● BRIEF: Copy nothing but the lines below running from the line containing "2015 Nissan Altima" through the line containing "MARBLE Easy Flowing", both end lines included.

[Dataset items]
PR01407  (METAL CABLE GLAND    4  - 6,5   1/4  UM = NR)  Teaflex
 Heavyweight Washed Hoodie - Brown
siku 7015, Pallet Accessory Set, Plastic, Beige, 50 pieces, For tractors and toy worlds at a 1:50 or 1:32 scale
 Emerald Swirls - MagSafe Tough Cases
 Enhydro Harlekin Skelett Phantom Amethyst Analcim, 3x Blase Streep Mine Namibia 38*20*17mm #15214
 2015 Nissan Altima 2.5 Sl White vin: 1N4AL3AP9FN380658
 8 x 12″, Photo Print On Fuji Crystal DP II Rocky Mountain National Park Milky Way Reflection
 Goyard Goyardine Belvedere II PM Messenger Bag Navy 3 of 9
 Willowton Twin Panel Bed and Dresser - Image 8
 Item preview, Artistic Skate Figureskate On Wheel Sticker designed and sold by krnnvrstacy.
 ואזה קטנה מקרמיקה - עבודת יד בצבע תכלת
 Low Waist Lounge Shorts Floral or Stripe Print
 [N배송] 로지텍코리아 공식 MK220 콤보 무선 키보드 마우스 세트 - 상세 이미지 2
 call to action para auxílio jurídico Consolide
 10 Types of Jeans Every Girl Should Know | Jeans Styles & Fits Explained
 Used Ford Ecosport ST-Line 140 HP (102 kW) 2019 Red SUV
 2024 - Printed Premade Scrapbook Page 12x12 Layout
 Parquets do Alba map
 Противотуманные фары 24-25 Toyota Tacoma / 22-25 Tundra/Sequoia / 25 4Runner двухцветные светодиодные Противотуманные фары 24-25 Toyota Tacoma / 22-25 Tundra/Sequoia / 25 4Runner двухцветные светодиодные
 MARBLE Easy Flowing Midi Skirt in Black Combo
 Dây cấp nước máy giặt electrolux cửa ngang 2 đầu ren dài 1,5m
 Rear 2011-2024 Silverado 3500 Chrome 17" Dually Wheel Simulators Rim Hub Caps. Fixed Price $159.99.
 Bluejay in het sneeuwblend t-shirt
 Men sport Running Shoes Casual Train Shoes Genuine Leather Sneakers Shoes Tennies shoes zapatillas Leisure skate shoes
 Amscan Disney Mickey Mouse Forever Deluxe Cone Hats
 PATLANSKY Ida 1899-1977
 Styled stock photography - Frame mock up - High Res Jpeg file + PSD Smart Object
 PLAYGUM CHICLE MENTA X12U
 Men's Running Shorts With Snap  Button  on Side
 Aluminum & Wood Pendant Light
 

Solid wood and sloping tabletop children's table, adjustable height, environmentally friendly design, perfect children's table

● EXERCISE ANSWER:
 2015 Nissan Altima 2.5 Sl White vin: 1N4AL3AP9FN380658
 8 x 12″, Photo Print On Fuji Crystal DP II Rocky Mountain National Park Milky Way Reflection
 Goyard Goyardine Belvedere II PM Messenger Bag Navy 3 of 9
 Willowton Twin Panel Bed and Dresser - Image 8
 Item preview, Artistic Skate Figureskate On Wheel Sticker designed and sold by krnnvrstacy.
 ואזה קטנה מקרמיקה - עבודת יד בצבע תכלת
 Low Waist Lounge Shorts Floral or Stripe Print
 [N배송] 로지텍코리아 공식 MK220 콤보 무선 키보드 마우스 세트 - 상세 이미지 2
 call to action para auxílio jurídico Consolide
 10 Types of Jeans Every Girl Should Know | Jeans Styles & Fits Explained
 Used Ford Ecosport ST-Line 140 HP (102 kW) 2019 Red SUV
 2024 - Printed Premade Scrapbook Page 12x12 Layout
 Parquets do Alba map
 Противотуманные фары 24-25 Toyota Tacoma / 22-25 Tundra/Sequoia / 25 4Runner двухцветные светодиодные Противотуманные фары 24-25 Toyota Tacoma / 22-25 Tundra/Sequoia / 25 4Runner двухцветные светодиодные
 MARBLE Easy Flowing Midi Skirt in Black Combo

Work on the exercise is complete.